AF and heart failure due to a reduced left ventricular ejection fraction (LVEF) frequently coexist [4]. The prevalence of AF increases with the New York Heart Association (NYHA) functional class, so that nearly 5% of patients present with AF in NYHA functional class I, and almost 50% of patients in NYHA functional class IV [5]. AF patients with a severely reduced LVEF have a markedly increased risk for thromboembolic complications [6]. Therefore, there is a great need for effective thromboembolic prophylaxis especially in these patients. Data on periprocedural complications regarding cardiac interventions in patients with impaired LVEF are inconsistent [7, 8]. For example, patients with reduced LVEF are at a higher risk for device thrombosis [9]. After LAA closure, with regard to the long-term follow-up, the achievement of the primary efficacy endpoint was consistent for patients with LVEF ≥ 60% and those with impaired LVEF in the PROTECT-AF study [10]. However, in this study, patients with an LVEF < 30% were excluded by protocol, and the authors stated that this was due to the fact that the intervention in the LAA was naturally insufficient to prevent thromboembolism from the highly impaired left ventricle (LV). Nonetheless, patients with reduced LVEF are at risk of left atrial (LA) cavity thrombi [11]. A site-specific technique of thromboembolic prophylaxis with subsequent cessation of systemic anticoagulation might, therefore, be associated with an increased thromboembolic risk; yet, this is not officially specified as contraindication for this procedure.
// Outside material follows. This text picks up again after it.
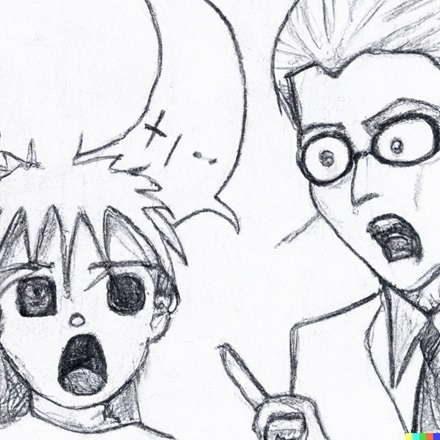 A man yelling at a child, pencil drawing.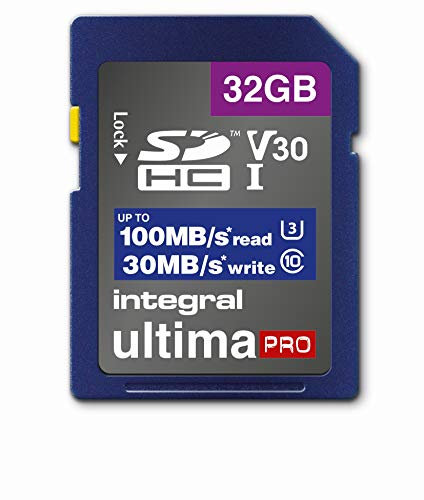 Integral Memory - Tarjeta de Memoria SDxC (32 GB, Muy Alta Velocidad, hasta 100 MB/s de Lectura, 30 MB/s de Escritura, Clase 10 V30 UHS-I U3, by Integral Memory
The present subanalysis of the Left-Atrium-Appendage occluder Register—GErmany (LAARGE; ClinicalTrials.gov Identifier: NCT02230748) aimed to investigate procedural and one-year outcome of LAAC patients with and without LV dysfunction.
Methods
Enrollment and conduction of procedure
LAARGE is a prospective, multicenter real-world registry, which enrolled patients from 37 centers. It had been designed to compile a large database on daily practice of LAAC and clinical follow-up data. Recruitment started in July 2014, and ended in January 2016. Patients which were scheduled for an LAAC were consecutively included in the LAARGE database. Cases with started procedure and documented LVEF were included in the present subanalysis (as-treated analysis). The indication was set by the attending cardiologist in consideration of the dedicated guidelines [1], and the patients were treated according to the current recommendations and the manufacturer’s instructions with different post-market devices [12]. The postprocedural management including the antithrombotic treatment was at the discretion of the operating physician [13]. The study was carried out according to the principles of the 1975 Declaration of Helsinki, and was approved by the ethics committee of the Landesärztekammer Rheinland-Pfalz. Written informed consent to participate in the registry was obtained from all patients.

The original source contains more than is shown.